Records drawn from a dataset
☆ ☆ ☆ ☆

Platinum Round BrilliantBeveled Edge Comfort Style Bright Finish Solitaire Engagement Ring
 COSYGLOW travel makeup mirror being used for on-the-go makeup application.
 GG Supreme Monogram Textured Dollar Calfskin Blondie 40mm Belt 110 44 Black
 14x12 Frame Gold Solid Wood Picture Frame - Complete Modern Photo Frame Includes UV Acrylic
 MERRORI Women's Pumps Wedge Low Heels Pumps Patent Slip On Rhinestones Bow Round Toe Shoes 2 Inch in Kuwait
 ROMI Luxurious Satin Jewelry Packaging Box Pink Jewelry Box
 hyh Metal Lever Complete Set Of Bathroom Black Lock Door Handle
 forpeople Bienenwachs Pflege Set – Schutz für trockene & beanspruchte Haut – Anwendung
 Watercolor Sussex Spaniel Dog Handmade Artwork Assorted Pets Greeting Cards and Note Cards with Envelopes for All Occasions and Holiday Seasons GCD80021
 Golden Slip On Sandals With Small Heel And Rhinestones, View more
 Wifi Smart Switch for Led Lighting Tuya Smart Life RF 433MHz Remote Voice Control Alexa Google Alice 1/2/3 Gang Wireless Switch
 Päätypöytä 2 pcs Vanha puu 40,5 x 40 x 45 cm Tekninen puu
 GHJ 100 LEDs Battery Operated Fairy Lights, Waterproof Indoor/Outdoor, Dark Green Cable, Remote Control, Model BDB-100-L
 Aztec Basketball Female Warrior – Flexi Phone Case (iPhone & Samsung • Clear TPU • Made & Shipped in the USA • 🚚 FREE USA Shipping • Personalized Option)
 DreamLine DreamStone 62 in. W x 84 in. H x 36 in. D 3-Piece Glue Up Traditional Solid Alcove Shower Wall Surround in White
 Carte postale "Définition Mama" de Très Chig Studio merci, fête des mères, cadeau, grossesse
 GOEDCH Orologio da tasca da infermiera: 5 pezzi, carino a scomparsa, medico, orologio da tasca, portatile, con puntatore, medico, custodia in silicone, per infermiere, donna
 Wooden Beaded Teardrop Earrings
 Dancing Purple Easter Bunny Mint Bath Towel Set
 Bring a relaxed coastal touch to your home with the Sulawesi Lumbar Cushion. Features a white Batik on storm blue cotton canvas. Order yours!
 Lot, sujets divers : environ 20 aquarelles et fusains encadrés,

☆ ☆ ☆ ☆

--- TASK TO COMPLETE ---
Output only a verbatim copy of the lines spanning from the line that contains "Watercolor Sussex Spaniel" to the end of the records above.

--- OUTPUT OF THE EXERCISE ---
 Watercolor Sussex Spaniel Dog Handmade Artwork Assorted Pets Greeting Cards and Note Cards with Envelopes for All Occasions and Holiday Seasons GCD80021
 Golden Slip On Sandals With Small Heel And Rhinestones, View more
 Wifi Smart Switch for Led Lighting Tuya Smart Life RF 433MHz Remote Voice Control Alexa Google Alice 1/2/3 Gang Wireless Switch
 Päätypöytä 2 pcs Vanha puu 40,5 x 40 x 45 cm Tekninen puu
 GHJ 100 LEDs Battery Operated Fairy Lights, Waterproof Indoor/Outdoor, Dark Green Cable, Remote Control, Model BDB-100-L
 Aztec Basketball Female Warrior – Flexi Phone Case (iPhone & Samsung • Clear TPU • Made & Shipped in the USA • 🚚 FREE USA Shipping • Personalized Option)
 DreamLine DreamStone 62 in. W x 84 in. H x 36 in. D 3-Piece Glue Up Traditional Solid Alcove Shower Wall Surround in White
 Carte postale "Définition Mama" de Très Chig Studio merci, fête des mères, cadeau, grossesse
 GOEDCH Orologio da tasca da infermiera: 5 pezzi, carino a scomparsa, medico, orologio da tasca, portatile, con puntatore, medico, custodia in silicone, per infermiere, donna
 Wooden Beaded Teardrop Earrings
 Dancing Purple Easter Bunny Mint Bath Towel Set
 Bring a relaxed coastal touch to your home with the Sulawesi Lumbar Cushion. Features a white Batik on storm blue cotton canvas. Order yours!
 Lot, sujets divers : environ 20 aquarelles et fusains encadrés,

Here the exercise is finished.